10 Mart’ta alınan tarihi bir kararla başkent Tokyo’da ilkokuldan liseye tüm devlet okullarında şimdiye dek uygulanan katı kılık-kıyafet yönetmeliğinin büyük bir kısmı yürürlükten kalkıyor.
Japonya’da öğrencilerin okula giderken nasıl giyindikleri ve saçlarını ne şekilde taradıklarıyla ilgili kararların temeli, ülkenin dışa açılmaya başladığı 1867-1912 tarihleri arasında hüküm süren imparatorla aynı adı taşıyan Meiji Dönemi’ne dayanıyor.
Buna göre ülkede öğrencilerin iç çamaşırından saç rengine ve kesimine dek pek çok konuda diğer gelişmiş ekonomilerin tersine aşırı geleneksel ve katı kurallar uygulanıyor.
Tokyo Metropol Hükümeti’nin öğrenciler ve veliler arasında yaptırdığı araştırmaya göre bu kurallar uzun süredir “mantıksız” bulunup “zamanın ruhuna uymadıkları” için eleştiriliyor.
Örneğin klasik Japon imajı gereği sadece siyah ve düz saça izin verilen okullarda saçı doğuştan daha açık renk veya kıvırcık olan öğrenciler bu “durumun” gerçekten doğuştan olduğunu belgelemek zorunda.
Bu beyan gönüllülük esasına dayalı gibi görünse de toplum baskısının aşırı boyutlarda olduğu yerlerde bu durumdaki her öğrenci istisnasız böyle bir belgeyi ibraz ediyor.
Kendilerinin ve çocuklarının haksız yere ayrımcılığa uğradığını, özgürlüklerinin elinden alındığını savunan öğrenci ve velilerin, öğrencilere kılık-kıyafet serbestisi tanınması için verdiği uğraş en azından başlangıç olarak Tokyo’da sonuç vermiş görünüyor.
Mainichi gazetesine konuşan Tokyo Milli Eğitim Kurulu üyesi Yuto Kitamura, kararı “ileriye dönük atılmış önemli bir adım” olarak karşıladığını belirtiyor ve “Öğrencilerin proaktif davranıp kendi kararlarını kendilerinin verdiği bir ortama saygı duymak lazım.” diyor.
Erkeklere militarist, kızlara denizci üniforması
Öğrenci kıyafetlerinin neredeyse bir asırdır değişmediği Japon okullarında erkek öğrenciler hala savaştan önceki zamandan kalma gakuran adı verilen bir üniforma giyiyorlar.

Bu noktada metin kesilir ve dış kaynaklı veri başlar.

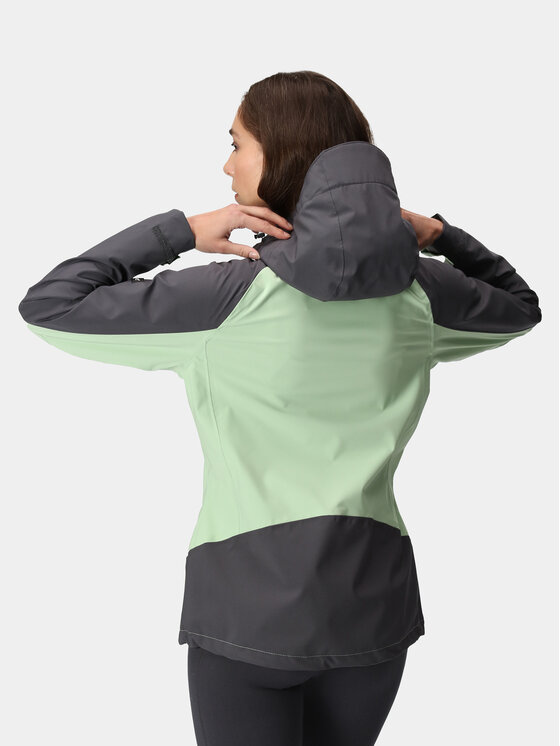 Regatta Regatta Geacă de ploaie Birchdale RWW300 Verde Regular Fit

Mao tipi asker üniformalarını andıran bu tarza göre alta siyah pantolon, üste de hakim yaka ve beş altın rengi düğmeli tuniğe benzer bir ceket giymek zorunlu.
Kız öğrenciler ise, yaşı ne olursa olsun, küçük kızların giydiği, denizci üniformasına benzer, siyah ve geniş yakalı bir kıyafet giyiyorlar.
İç çamaşırı rengi ise beyaz olarak belirlenmiş.
Erkek ve kızların okuldaki saç modeli de sıkı kurallara tabi.
Uzun saçlı kızlardan saçlarını mutlaka arkadan at kuyruğu şeklinde toplamaları isteniyor. En hafif tonda olsa bile saçı boyamak veya röfle yaptırmak kesinlikle yasak.
Çoğu genç erkek ise saçlarını istediği gibi bırakamıyor. Japon pop müziği yıldızlarının sevdiği tarzda üst kısmı dağınık bırakılmış ve alt kısmı neredeyse sıfıra vurulmuş “iki katmanlı” adı verilen saç modeline de izin yok.
Her iki cins de vücutlarına dövme, ‘piercing’ veya diğer başka bir uygulama yaptırdıklarında ceza almayı göze almak durumundalar.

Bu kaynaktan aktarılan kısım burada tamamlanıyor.